\name{tpsPower}
\Rdversion{1.1}
\alias{tpsPower}
\title{
	Simulation-based estimation of power for the two-phase study design
}
\description{
  Monte Carlo based estimation of statistical power for estimators of the components of a logistic regression model, based on balanced two-phase and case-control study designs (Breslow and Chatterjee, 1999; Prentice and Pykle, 1979).
}
\usage{
tpsPower(B=1000, betaTruth, X, N, strata, nII, alpha=0.05,
         threshold=c(-Inf, Inf), digits=NULL, betaNames=NULL,
         monitor=NULL)
}
\arguments{
  \item{B}{
   The number of datasets generated by the simulation.
}
	\item{betaTruth}{
    Regression coefficients from the logistic regression model.
}
  \item{X}{
    Design matrix for the logistic regression model. The first column should correspond to intercept. For each exposure, the baseline group should be coded as 0, the first level as 1, and so on.
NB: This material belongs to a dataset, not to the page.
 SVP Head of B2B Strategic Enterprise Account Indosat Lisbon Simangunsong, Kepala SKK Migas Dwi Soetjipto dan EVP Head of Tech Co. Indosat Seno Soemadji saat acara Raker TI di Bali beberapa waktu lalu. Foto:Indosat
The number of levels cannot exceed 100.
}
  \item{N}{
    A numeric vector providing the sample size for each row of the design matrix, \code{X}.
}
  \item{strata}{
    A numeric vector indicating which columns of the design matrix, \code{X}, are used to form the phase I stratification variable. \code{strata=1} specifies the intercept and is, therefore, equivalent to a case-control study. \code{strata=0} indicates all possible stratified two-phase sampling schemes.
}
  \item{nII}{
    A numeric value indicating the phase II sample size. If a vector is provided, separate simulations are run for each element.
}
  \item{alpha}{
    Type I error rate assumed for the evaluation of coverage probabilities and power.
}
  \item{threshold}{
		An interval that specifies truncation of the Monte Carlo sampling distribution of each estimator.
}
  \item{digits}{
    Integer indicating the precision to be used for the output.
}
  \item{betaNames}{
    An optional character vector of names for the regression coefficients, 
    \code{betaTruth}.
}
\item{monitor}{
	Numeric value indicating how often \code{tpsPower()} reports real-time progress on the simulation, as the \code{B} datasets are generated and evaluated. The default of \code{NULL} indicates no output.
}
}
\details{
A simulation study is performed to estimate power for various estimators
of \code{beta}:
\itemize{
  \item{}{(a) complete data maximum likelihood (CD)}
  \item{}{(b) case-control maximum likelihood (CC)}
  \item{}{(c) two-phase weighted likelihood (WL)}
  \item{}{(d) two-phase pseudo- or profile likelihood (PL)}
  \item{}{(e) two-phase maximum likelihood (ML)}
}
	The overall simulation approach is the same as that described in \code{\link{tpsSim}}.
	
  In each case, power is estimated as the proportion of simulated datasets for which a hypothesis test of no effect is rejected.
	
	Only balanced designs are considered by \code{tpsPower()}. For unbalanced designs, power estimates can be obtained from \code{\link{tpsSim}}.
}
\value{
  \code{tpsPower()} returns an object of class "tpsPower", a list containing all the input arguments, as well as the following components:
    \item{power}{
    	Power against the null hypothesis that the regression coefficient is zero for a Wald-based test with an \code{alpha} type I error rate.
    }
    \item{na}{
    	A matrix consisting of the number of datasets excluded from the power calculations (i.e. set to \code{NA}), for each simulation performed. The three reasons are: (1) lack of convergence indicated by \code{NA} point estimates returned by \code{\link{glm}} or \code{\link{tps}}, (2) lack of convergence indicated by \code{NA} standard error point estimates returned by \code{\link{glm}} or \code{\link{tps}}, (3) exclusion on the basis of the \code{threshold} argument.
    }
}
\note{
	A generic print method provides formatted output of the results.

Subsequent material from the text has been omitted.